When his bride once again managed to compose herself, the groom succumbed to potent curiosity. "Had you asked for his permission at the start, would he have given it?"
"No way, Sebastian. He'd have refused."
"Then why did he give it after you announced your intent to defy his authority--violate established custom?"
"I ... I think ... he wanted at all cost to avoid a permanent rift. I told you, we're extraordinarily close. And though I refrained from revealing that reasons existed that I could never confide to him, he knew beyond all doubt that I wouldn't be swayed. He can't read my random thoughts, but he senses my emotions, as I do his. And even through the screen ... he sensed pain ... sorrow ... fear ... and determination, but not brazen defiance."
"Mmm. Whatever, I'm glad he cast no long shadow over your wedding day."
"So am I. Oh, Sebastian, you can't know how glad!"
That potent anxiety off her mind, Marianne favored her fiancé with a radiant smile. For the remainder of the day, she wore her happiness like a stylish, revealing garment.
Having excused himself shortly afterwards, Sebastian departed, leaving Naomi and Marianne planning the dinner, ordering flowers, and chatting excitedly.
Bianca opened her door to admit the man she had not expected to see of a Sunday morning. "Come in," she invited, smiling warmly. "Would you join me in taking coffee?"

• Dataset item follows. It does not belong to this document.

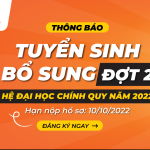 Banner Tuyen sinh bo sung dot 2 2022 1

"Not today, Bianca. I've come to tell you what my other friends and associates won't learn until tomorrow. I'm exquisitely conscious that I owe you a debt I wish I could find a way to pay. Let me assure you that I value your friendship more than ever, since this news might come as a bit of a shock. I'm getting married this afternoon. I came to tell you in person, wanting to avoid your hearing the news second-hand."
"You're getting married, Sebastian? You, of all men?" Long-lashed, limpid blue-green eyes widened in stunned disbelief. Belatedly, the socialite achieved a smile only a shade forced. "My word and honor, first an end to the war, and now this! My nerves aren't what they used to be, I'm afraid. What a way to react! I'm ashamed of myself. Congratulations! I wish you total happiness."
Drawing the buxom woman against his chest, Sebastian held her there. "I thank you," he assured her softly. "Bianca, if there's ever anything I can do for you, just ask."
"I'll miss our outings, old friend. I was enjoying my stint as an actress. Well! We neither of us are getting any younger, and one does grow a bit wishful for comfortable, secure companionship, at some point. Or at least--a man does. He can expect all he wants of that out of marriage. I'm not sure I'll ever find myself able to face a repeat effort of selling myself into bondage--bear with sharp curtailment of my freedom and unending dreary boredom, in return for financial security, an occasional night out, and once in a great while, the company of my husband of an evening. Not even when I stare through the impending gloom to catch a glimpse of lonely old age."
"Marriage doesn't have to be what yours was, Bianca!"
"No, it could be even worse, but hardly better. What I want, women don't often find in Columbia, Sebastian. And thanks to your taking me in hand nine Earthyears ago and teaching me how to manage my dead husband's property--how to achieve and retain financial independence--I feel no need to put all I've gained to fearful risk. No, that's not the right word. I'd be tossing it all away--selling myself into bondage anew."